**Task to complete:**
Skip any image you find and restate the rest of the data word for word.

**Recorded information:**

—————

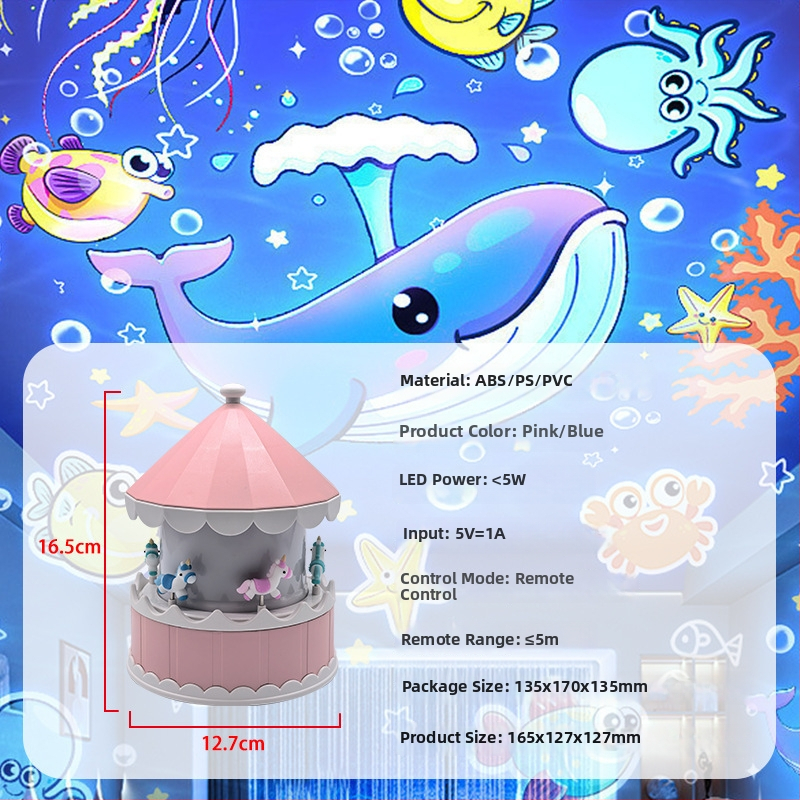 Projektor zvjezdane noći za djecu – USB napajanje, reprodukcija glazbe, prilagodba svjetline, stolna instalacija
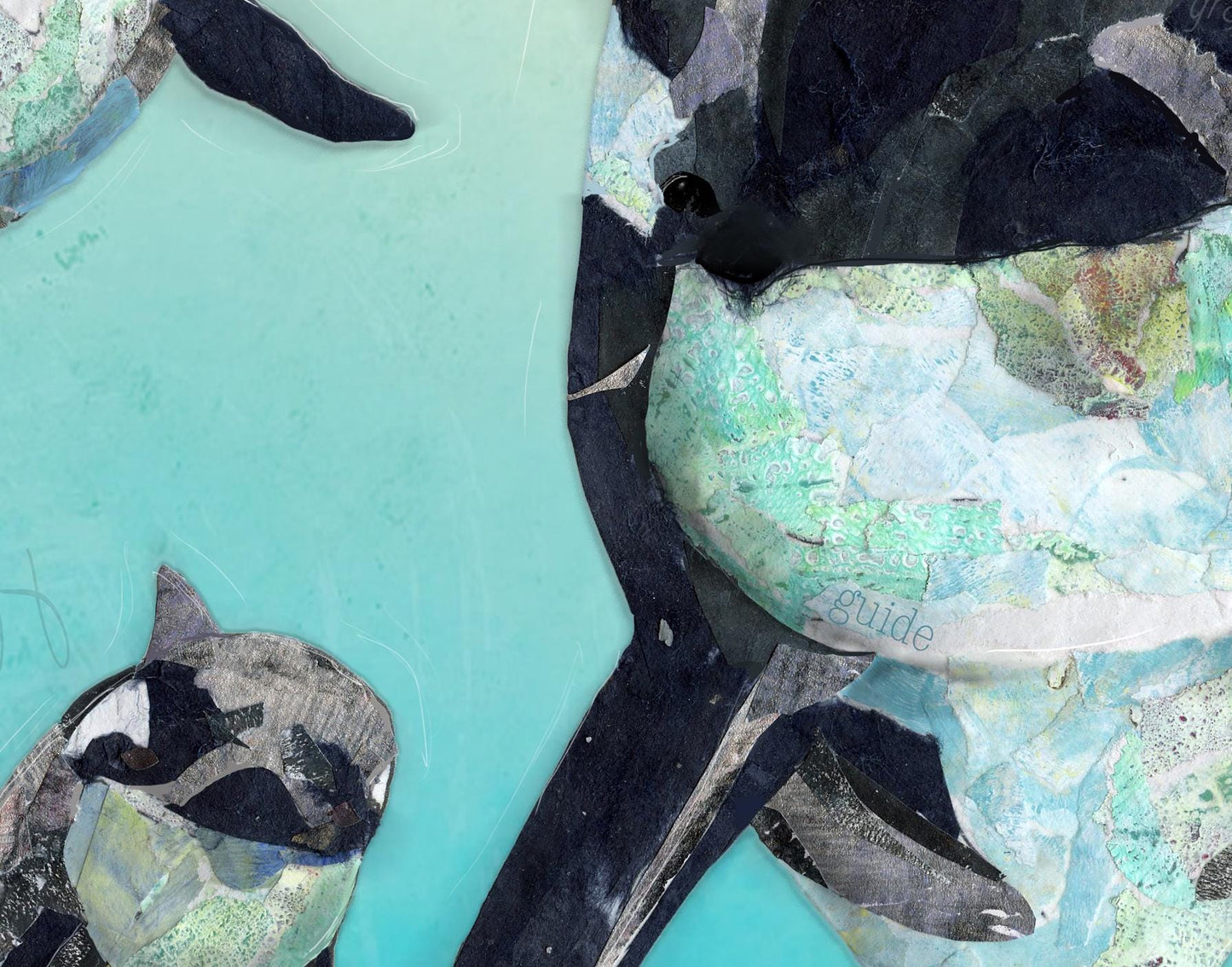 Orca Matriarchs Wall Art – 8x10 Whale Family Print – Marine Motherhood Collage by Found and Rewound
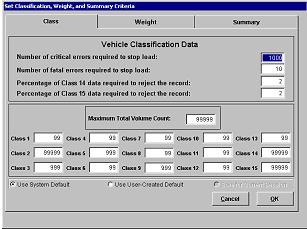 Screen showing vehicle classification data attributes, which allows user to use system default, or user created default.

—————

**Answer space:**
 Projektor zvjezdane noći za djecu – USB napajanje, reprodukcija glazbe, prilagodba svjetline, stolna instalacija
 Orca Matriarchs Wall Art – 8x10 Whale Family Print – Marine Motherhood Collage by Found and Rewound
 Screen showing vehicle classification data attributes, which allows user to use system default, or user created default.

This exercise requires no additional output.